How does this tie in to Wikipedia? Well, once in a while, someone decides to propose a process which cuts out any sort of discussion or community approval, depending instead on a single admin's judgement. Instances of heated debate, which admittedly do result in some bad things, are then amazingly used to say that a system with no discussion is superior. While it is true that doing everything unilaterally prevents people from getting angry over a discussion...
"Consensus" can not mean what it used to
When Wikipedia was first getting started, consensus could very easily mean everyone in the "core group" of the community decided something together. Thus, it was perfectly reasonable to say "Voting and anything that looks like voting is unquestionably bad", and carry on in discussions that looked nothing like voting. But guess what? Now we have over 1000 admins, and another thousand or so people who are important in some process or another. When you get large enough numbers, you can't do talkpage-style discussions, because they do not scale. They only work well with up to four, and past twenty or so, they are completely impossible. And the twenty people who show up for a particular discussion are not any appreciable fraction of the community that's supposed to decide things. So how do you give the community input?
Well, let's see how it's done. With few exceptions, decisions are made by lots of this:
- Blah, because moo.
There are four exceptions.
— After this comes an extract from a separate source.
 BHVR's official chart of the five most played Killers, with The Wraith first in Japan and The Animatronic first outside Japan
One is article disputes that the community as a whole doesn't need to get involved in, meaning other models work fine. Two, some proposals never get this, but they are mostly the ones where it's obvious either way what will happen to the proposal. Three, there's the user RfC system, but that's horribly dysfunctional, doesn't provide an accurate measure of what proportion of the community actually supports something, and can do nothing but create symbolic actions that have no effect. And finally, there is the Arbcom system, but the thing as a while doesn't scale (although it seems to perpetuate itself even though most people know that). Everything else, from FARs to AfDs to RFAs to community bans (face it, they were just as much quickpolls when on ANI), has comments in that pattern, except maybe with numbering instead of bullets. I don't ask for anyone to like that, but people who try to eliminate any type of Quickpolls are ignoring the fact that there is no other solution.
"Duh" is not a valid rationale
There seems to be this recent trend that discussion not only can, but should be cut short whenever a certain result is obviously right. Now, in some cases, the result is obviously right; for instance, an unsourced negative article on a living person violates WP:BLP, and there is no opportunity for reasonable dispute. But the rationale for the speedy deletion should, in that case, be "violates BLP". Not "duh", not "IAR", and not "obviously bad". If you can not explain why something is obviously bad so that no reasonable person disagrees, then it isn't obviously bad.
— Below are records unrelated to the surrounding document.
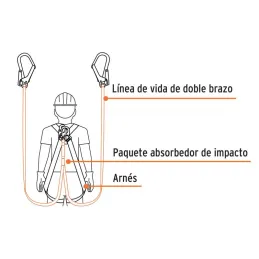 Linea de Vida con absorbedor de impacto, Doble Brazo, MFA 158kg, CAB-5432-18 14454 Truper - Truper 3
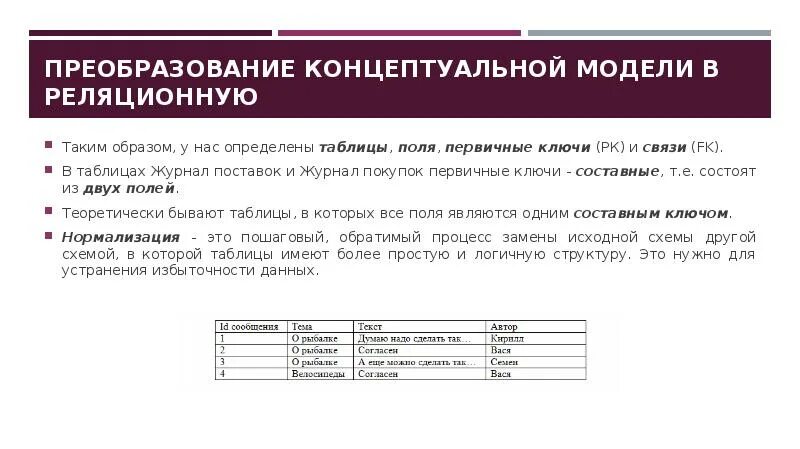 Преобразование модели в реляционную.. Преобразование концептуальной модели в реляционную модель. Реляционная модель данных. Основные определения реляционной модели данных. Реляционная модель ключи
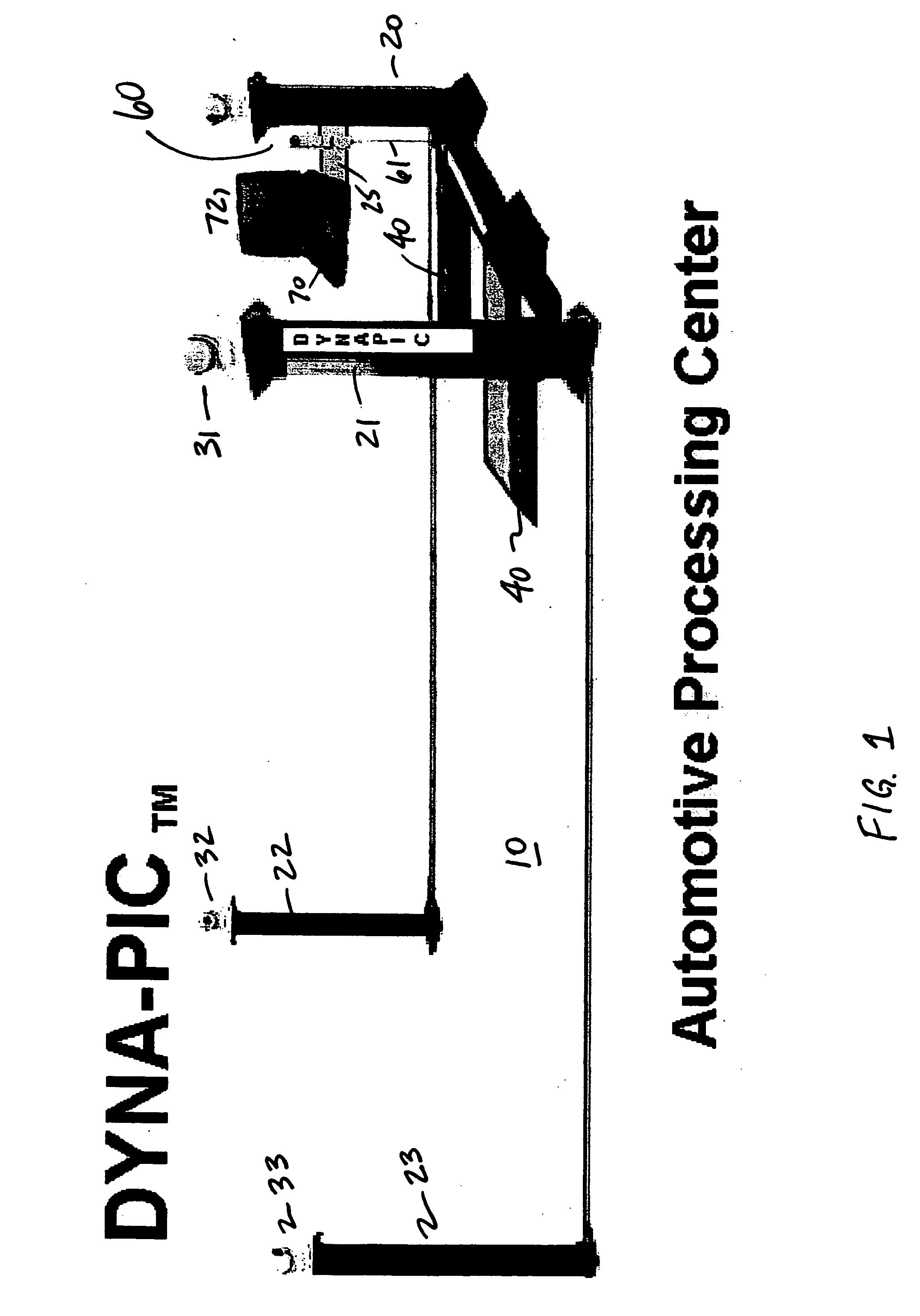 Automotive picture and data acquisition center and method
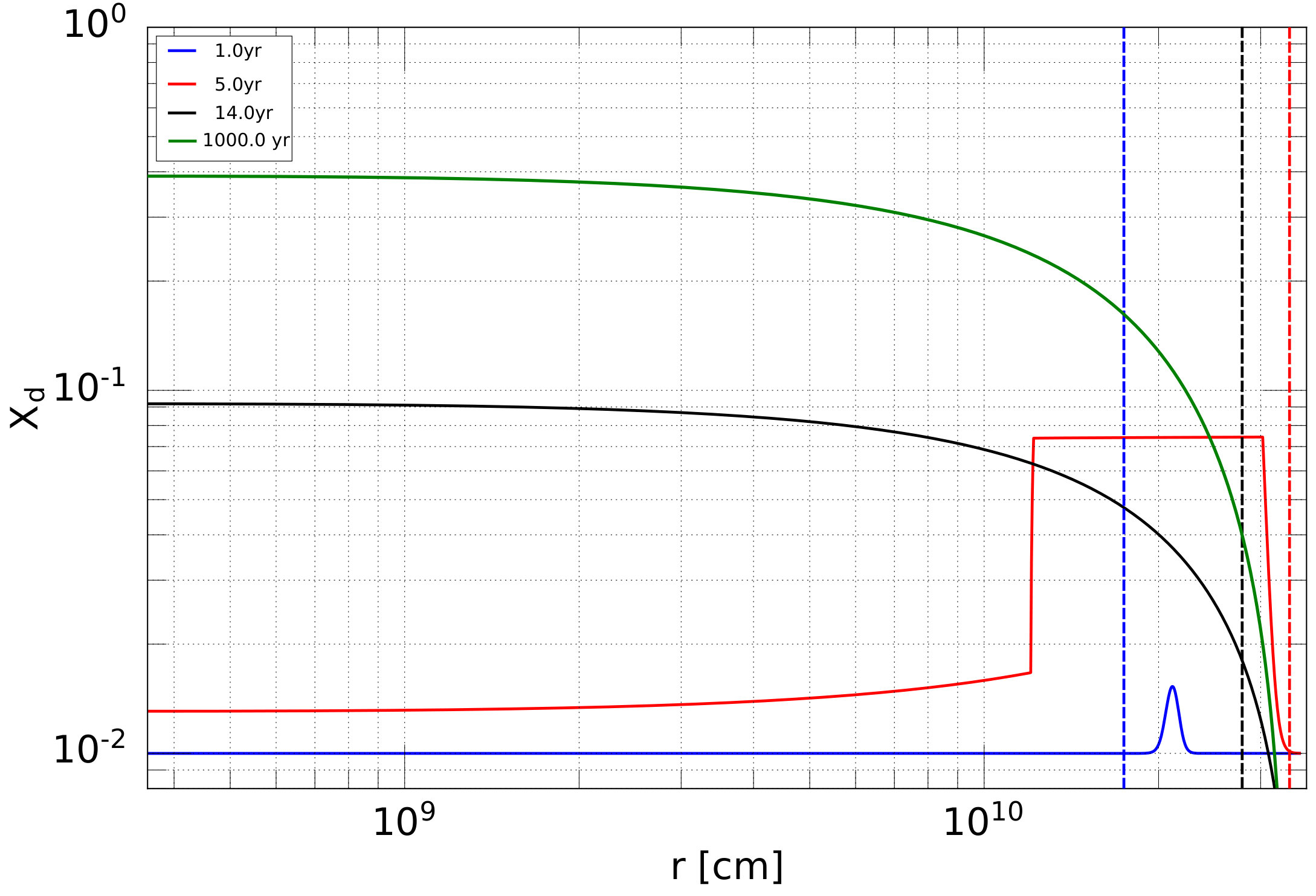 Figure 18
Policy is what consensus says it is
Claiming that BLP applies to cows does not make it so. Nor does claiming that WP:V means all statements must have 5 government sources. Not because there's no way to wikilawyer those things out of the policy, because there is. It's because consensus is against them, so the consensus-driven policy must logically not say them. Claiming that something against consensus is supported by policy is wikilawyering, plain and simple.